Intestinal ischemia-reperfusion (I/R) injury may cause acute systemic and lung inflammation. Here, we revisited the role of TNF-alpha in an intestinal I/R model in mice, showing that this cytokine is not required for the local and remote inflammatory response upon intestinal I/R injury using neutralizing TNF-alpha antibodies and TNF ligand-deficient mice. We demonstrate increased neutrophil recruitment in the lung as assessed by myeloperoxidase activity and augmented IL-6, granulocyte colony-stimulating factor, and KC levels, whereas TNF-alpha levels in serum were not increased and only minimally elevated in intestine and lung upon intestinal I/R injury.
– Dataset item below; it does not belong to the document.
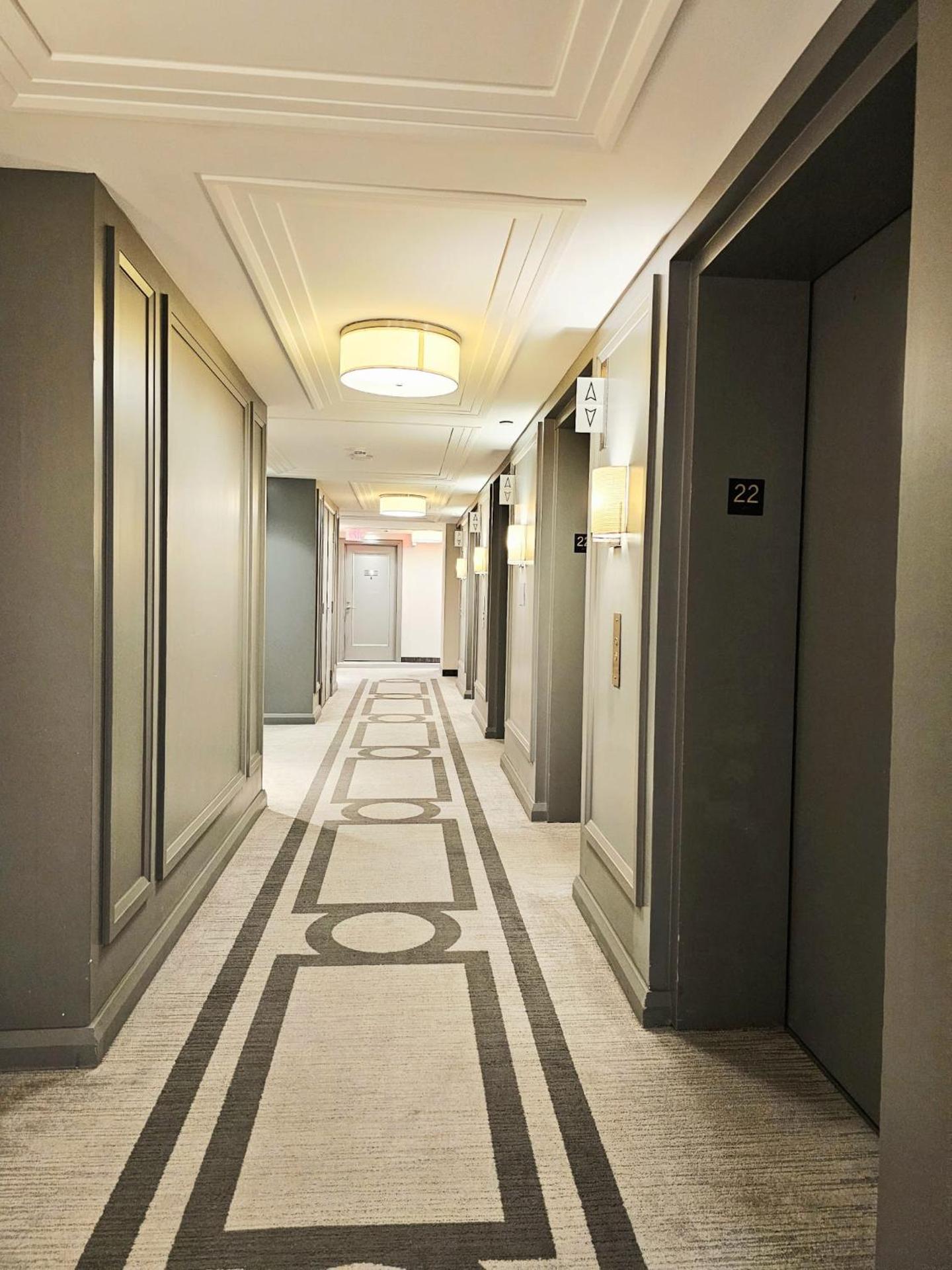 Elegant 2BR & 2BA Retreat in Prime Yorkville, Downtown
Importantly, TNF-alpha antibody neutralization neither diminished neutrophil recruitment nor any of the cytokines and chemokines evaluated. In addition, the inflammatory response was not abrogated in TNF and TNF receptors 1 and 2-deficient mice. However, in view of the damage on the intestinal barrier upon intestinal I/R with systemic bacterial translocation, we asked whether Toll-like receptor (TLR) activation is driving the inflammatory response. In fact, the inflammatory lung response is dramatically reduced in TLR2/4-deficient mice, confirming an important role of TLR receptor signaling causing the inflammatory lung response. In conclusion, endogenous TNF-alpha is not or minimally elevated and plays no role as a mediator for the inflammatory response upon ischemic tissue injury. By contrast, TLR2/4 signaling induces an orchestrated cytokine/chemokine response leading to local and remote pulmonary inflammation, and therefore disruption of TLR signaling may represent an alternative therapeutic target.

摘要

肠缺血再灌注(I/R)损伤可引起急性全身和肺部炎症。在这里,我们重新研究了 TNF-α在小鼠肠 I/R 模型中的作用,使用中和 TNF-α抗体和 TNF 配体缺陷小鼠表明,这种细胞因子对于肠 I/R 损伤后的局部和远处炎症反应不是必需的。我们通过髓过氧化物酶活性和增加的 IL-6、粒细胞集落刺激因子和 KC 水平来证明肺中中性粒细胞的募集增加,而血清中 TNF-α水平在肠 I/R 损伤后没有增加,仅在肠和肺中轻微升高。重要的是,TNF-α抗体中和既没有减少中性粒细胞的募集,也没有减少任何评估的细胞因子和趋化因子。此外,在 TNF 和 TNF 受体 1 和 2 缺陷小鼠中,炎症反应没有被阻断。然而,鉴于肠 I/R 导致肠道屏障受损和全身细菌易位,我们询问 TLR 激活是否会驱动炎症反应。事实上,在 TLR2/4 缺陷小鼠中,炎症性肺反应显著降低,这证实了 TLR 受体信号传导在引起炎症性肺反应中起着重要作用。总之,内源性 TNF-α没有升高或升高很小,并且在缺血组织损伤后的炎症反应中不起介导作用。相比之下,TLR2/4 信号诱导协调的细胞因子/趋化因子反应,导致局部和远处的肺部炎症,因此,阻断 TLR 信号可能是另一个治疗靶点。